Office of the Press Secretary


For Immediate Release March 25, 1994

STATEMENT BY THE PRESS SECRETARY

In light of a decision of the United States Court of Appeals that the recordkeeping status of the National Security Council (NSC) must now, for the first time, be addressed, the Justice Department today filed a brief in federal district court demonstrating that the NSC is a Presidential entity not appropriately considered an "agency" subject to the Freedom of Information Act (FOIA). At the same time, the President directed the NSC to establish procedures for access by the public to appropriate NSC records.

The brief was filed in federal district court in the District of Columbia in the case Armstrong v. Executive Office of the President. In August 1993, the Court of Appeals remanded the case to the district court to determine the NSC's status under federal records statutes. The Court of Appeals noted that this question had not been determined by the courts.

As explained in the government's brief, the answer to this question is straightforward. The structure and functions of the NSC as set forth in the National Security Act of 1947, and the duties that every President has assigned to the Council through Presidential Directives and Executive Orders, demonstrate that the NSC and its staff exist solely to advise and assist the President in the discharge of his core constitutional responsibilities.

The President directed Anthony Lake, Assistant to the President for National Security Affairs, and William Itoh, Executive Secretary of the NSC, to continue voluntarily the practice of making appropriate NSC documents available to the public.
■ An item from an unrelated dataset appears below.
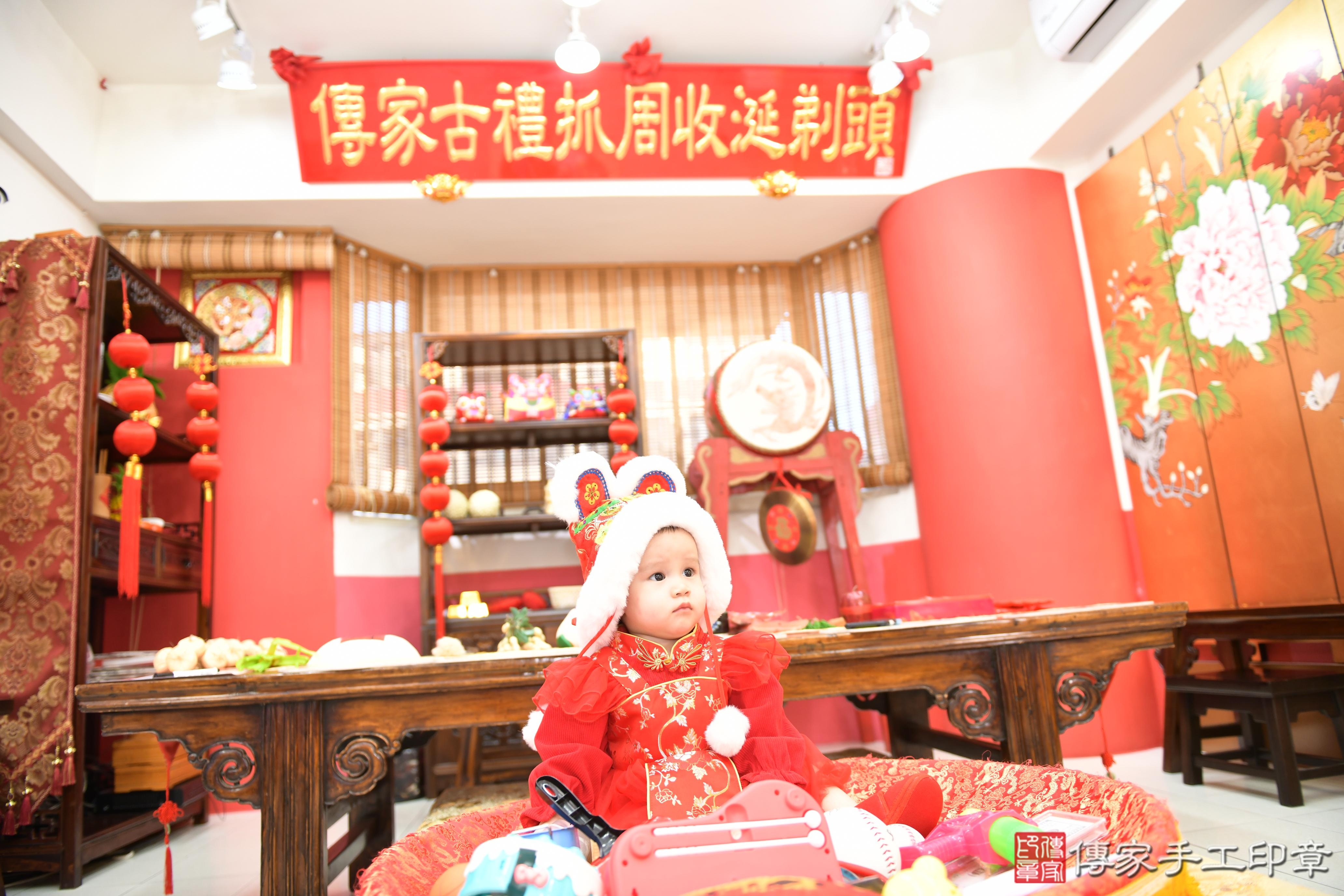 傳家手工印章高雄店、抓周、度脺、美式風會場、傳家嬰兒古禮、吉祥話、抓周道具物品24種、拍照。抓周證書。寶寶抓周、滿周歲、生日快樂、祝福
The President noted that he "strongly support(s) the policy of past Administrations of permitting public access to certain NSC records, and of leaving certain NSC records to the incoming Administration in order to ensure a smooth transition on national security matters".

The Administration's actions today will thus permit the NSC to continue the tradition of treating most NSC records as Presidential, while at the same time permitting the NSC to subject other records to public access requests under standards similar to the FOIA.